SYMBOLICAL MASONRY – THE PETITION FOR MEMBERSHIP
H. L. Haywood
The first step toward seeking admission into the membership of a Masonic lodge is to file with the Worshipful Master of the lodge nearest one’s residence a petition, which is a printed form fundamentally the same in all jurisdictions; this form sets forth the petitioner’s answers to the usual constitutional questions and solemnly asserts that he has not been “improperly solicited,” but that he has sought the portals of the Fraternity of his own free will and accord. Before this petition can be presented to the lodge, which is usually done at the next regular monthly communication, or business meeting, it must bear the signatures of at least two Masons by way of recommendation; and then, after an interval, usually of one month, is put to the ballot. If the prayer for membership is then granted the petitioner is instructed to present himself for initiation: if the prayer is denied the fee, which has accompanied the petition, is returned, and the petitioner is notified of his rejection. In a majority of American jurisdictions (by “jurisdiction” is meant the territory over which a Grand Lodge holds sway: in the United States it is almost always coincident with the political boundaries of a state) the man is permitted to enter another petition after a certain fixed interval, after which second application the procedure is substantially the same as outlined above.
The manner and details of making application for membership in a Masonic lodge have changed somewhat from country to country and from century to century but for the most part the custom has remained the same in fundamentals.
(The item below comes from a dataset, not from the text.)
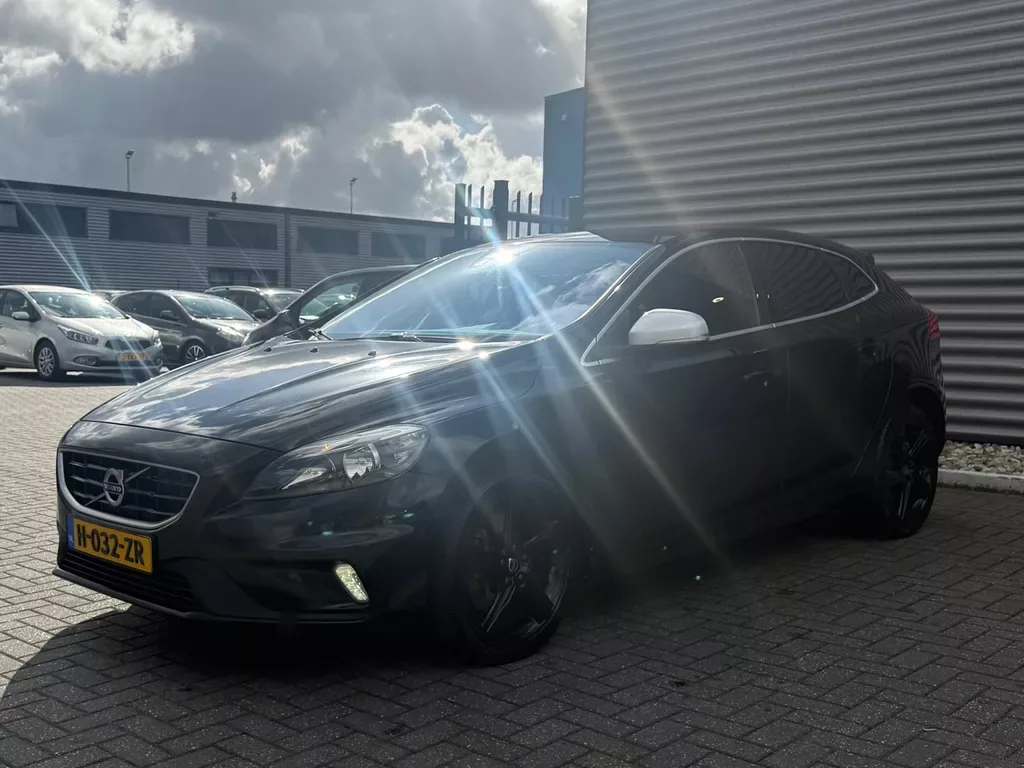 Volvo V40 (2016) — foto 1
The points to be noted in the petition are (1) that the candidate makes application of his own initiative, and not after having been solicited; (2) that he holds himself to be in accord with the Order’s own teachings concerning the “constitutional questions”; (3) that he voluntarily and at the beginning places himself entirely under the authority and laws of the Fraternity, pledging himself the while to a full obedience to the officers as well as to the laws; (4) and that he seeks admittance, not for any gain to himself, but out of having heard the good repute of the Order these many years.
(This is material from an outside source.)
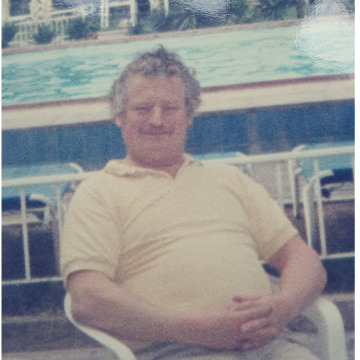 Photo of Howard Maitland STANDING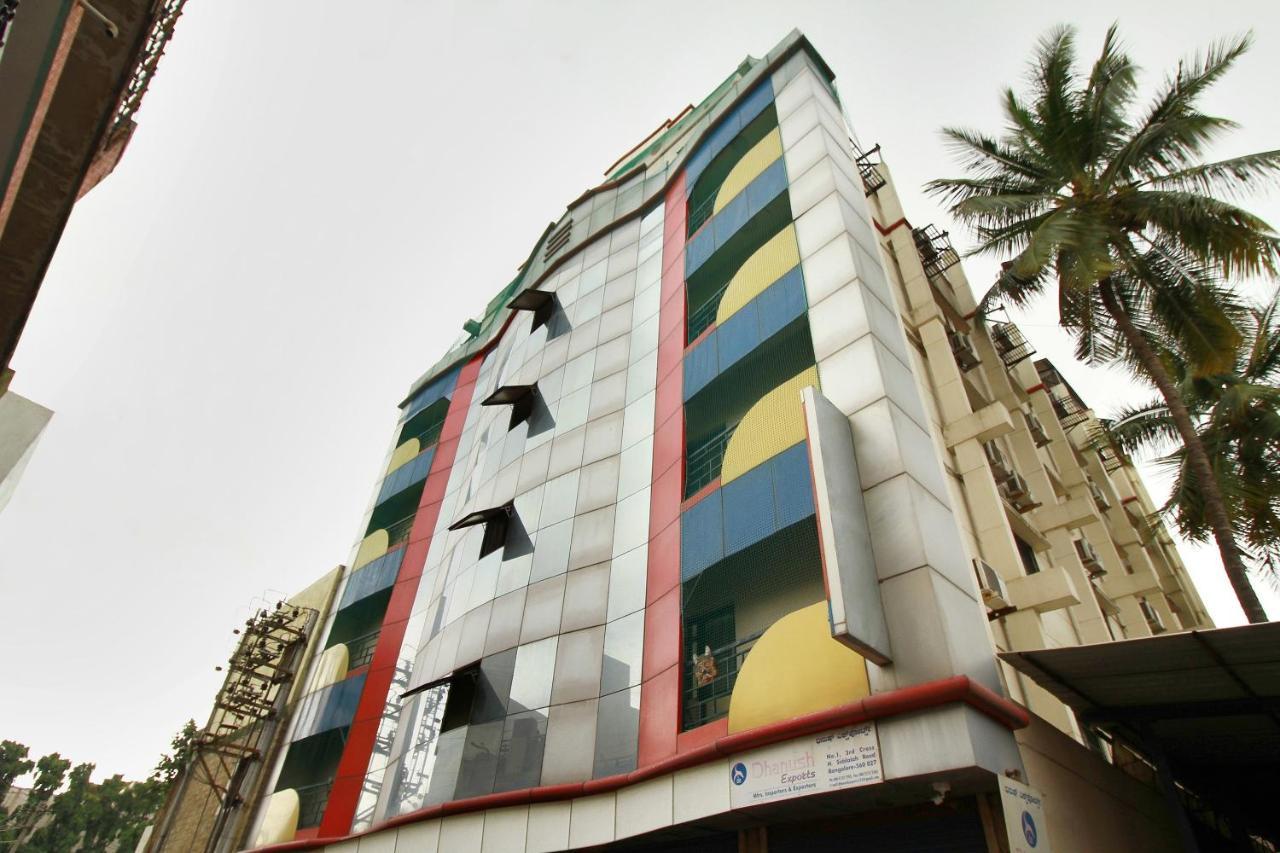 Vaccinated Staff - Collection O 13595 Vt Residency Hotel 3*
In older times it was often permitted a man to shape the wording of his own petition within certain limits: one of the most beautiful petitions of this type of which there is any record is that presented by the first great American naval hero, John Paul Jones, to the Lodge of St. Bernard, Kirkcudbright, Scotland, under date of November 27, 1770 (see The Builder, August, 1920, page 221):
“To the Worshipful, the Master, the Wardens and Permanent Brethren of Free and Accepted Masons of the Lodge of St. Bernard held at Kirkcudbright. The petition of John Paul, Commander of the ‘John’ of Kirkendal, humbly sheweth—that your petitioner, for a considerable time past, hath entertained a strong and sincere regard for your most noble, honourable, and ancient Society of Free and Accepted Masons, but hitherto not meeting with reasonable opportunity, do now most humbly crave the benefit of receiving and admitting me into your Fraternity as an Entered Apprentice, promising, assuring and engaging to you that I shall in all rules and orders of your Lodge be most obsequient and observant. The complyance of you, Right Worshipful Wardens and rest of the Brethren, will singularly oblige and very much honour, Right Worshipful, your most humble petitioner and most humble servant.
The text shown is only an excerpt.